The concept “what is good for the inside must be good for the outside” is a mantra captured by the evolving market of beauty through better nutrition. The current buzzwords of cosmeceuticals, dermaceuticals, biocosmetics and nutricosmetics describe the application of ingredients traditionally found in foods offering skin health benefit.
Following the modern day recognition of the nutricosmetic market by Raymond Reed, the commercialization of foods and beverages offering beauty benefits has emerged as a standalone category.
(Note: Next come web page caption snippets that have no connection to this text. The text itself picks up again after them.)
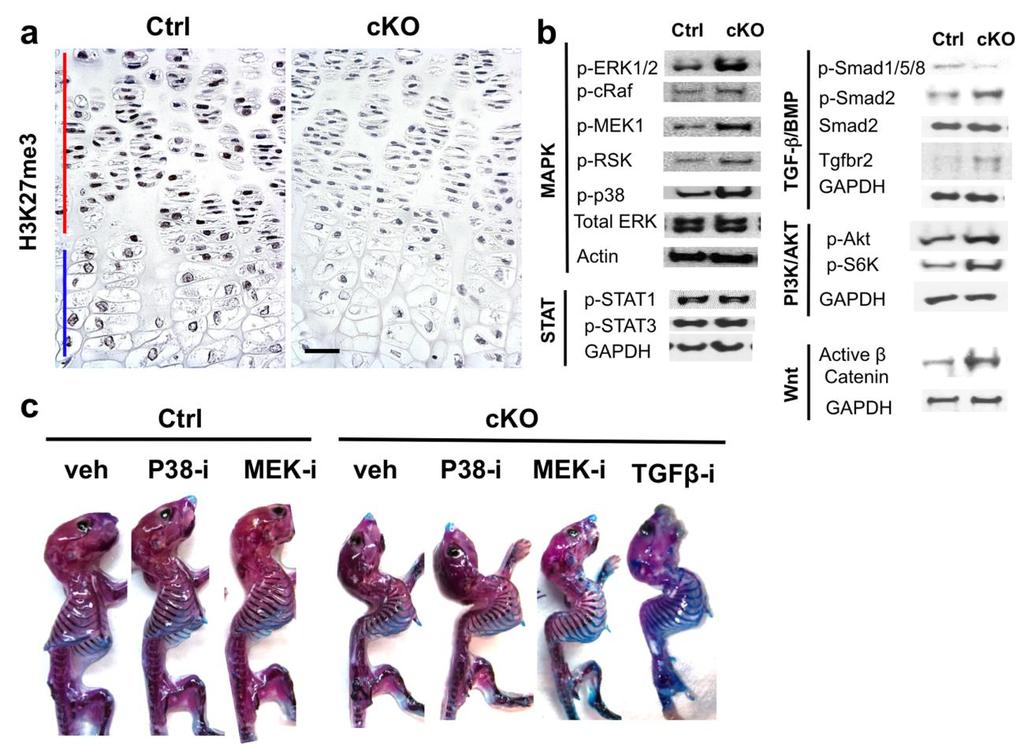 Supplementary Figure 2 (Related with Figures 1,4,5 and 6). (a) Immunostaining for H3K27me3 on tibial growth plate sections of wild type (Ctrl) and Eed cko (cko) mice.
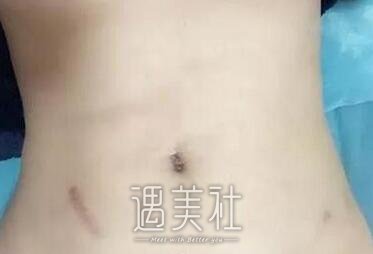 腰腹环吸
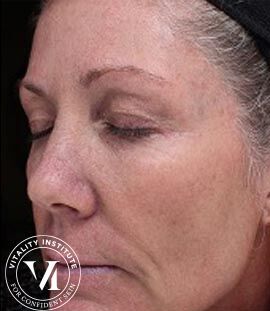 VI Peel case #2302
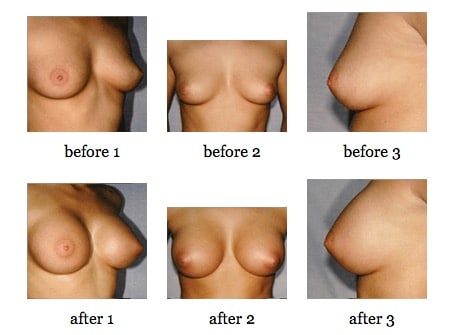 breast augmentation before and after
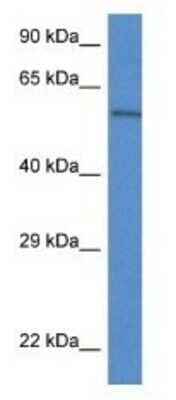 Western Blot: Plxdc2 Antibody [NBP1-79337]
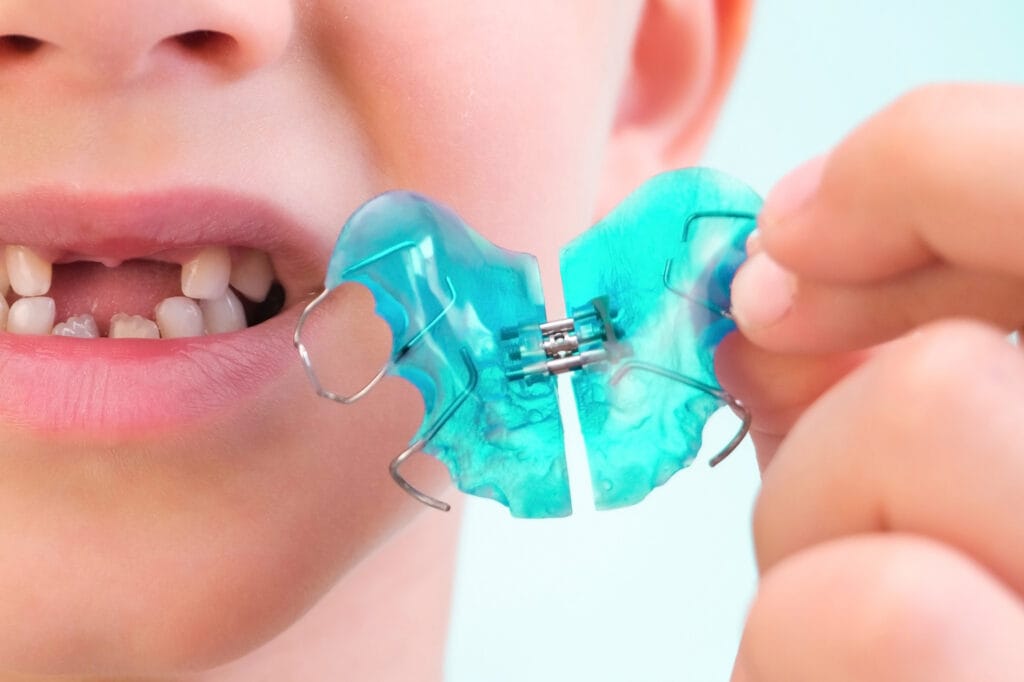apparecchio fisso denti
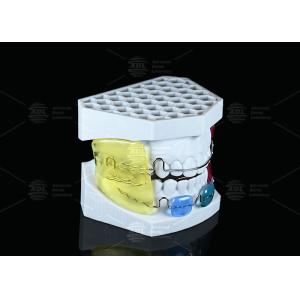 Children And Adults Frankel II Appliance Supporting Occlusion Recovery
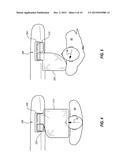 DUAL CUSHION AIRBAG WITH INDEPENDENT INFLATION diagram and image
The potential of this market is yet to be fully realized, but its consumer base reaches across genders, age groups and continents.
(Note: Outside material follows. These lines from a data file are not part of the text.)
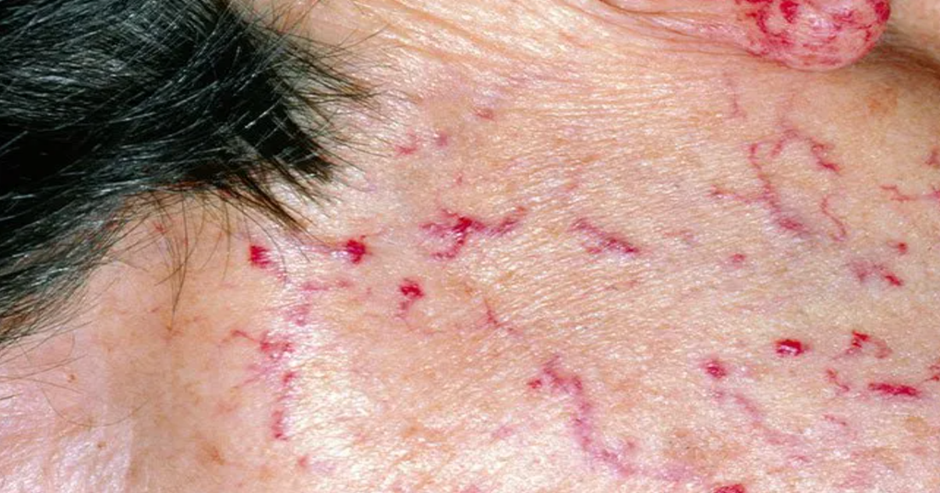 유전성 출혈성 모세혈관 확장증 환자의 얼굴에 나타난 증상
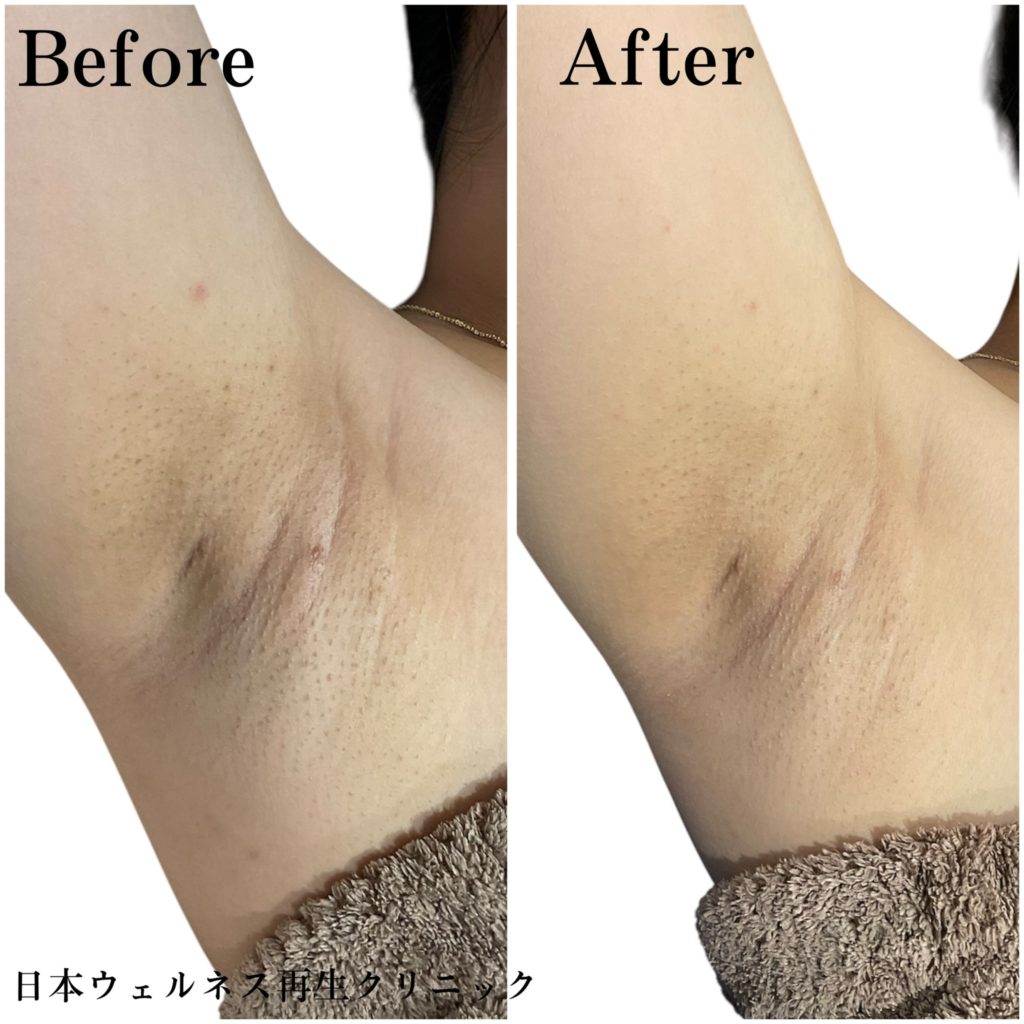 ミラノリピール症例紹介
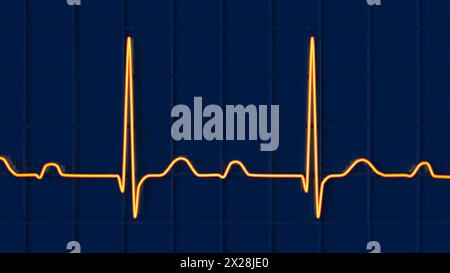 ECG displaying first degree AV block, illustration Stock Photo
Business Insights analysis has found that by 2011, the beauty food and drinks market is expected to be worth an estimated $6.6 billion, with a strong growth rate of 4.8% predicted until 2016. The functional food and ingredient market has become well-established across multiple health platforms -- from heart health, joint health, and mood management to sports performance. As a natural progression, the ability of foods to deliver appearance-based benefits was inevitable. The main appeal of these beauty foods, beverages and dietary supplements is their role as natural anti-aging treatments, influencing the processes which cause wrinkles, a loss of skin tone and elasticity. As aging consumers become more aware of the visual damage to their skin, there is an inevitable draw to the anti-aging/beauty market. Anti-aging and beautifying products that target the physiological processes of aging will become a likely purchase for this consumer demographic. To formulate and develop specific marketing claims for such products, a thorough understanding of the biology behind the process of skin aging is required.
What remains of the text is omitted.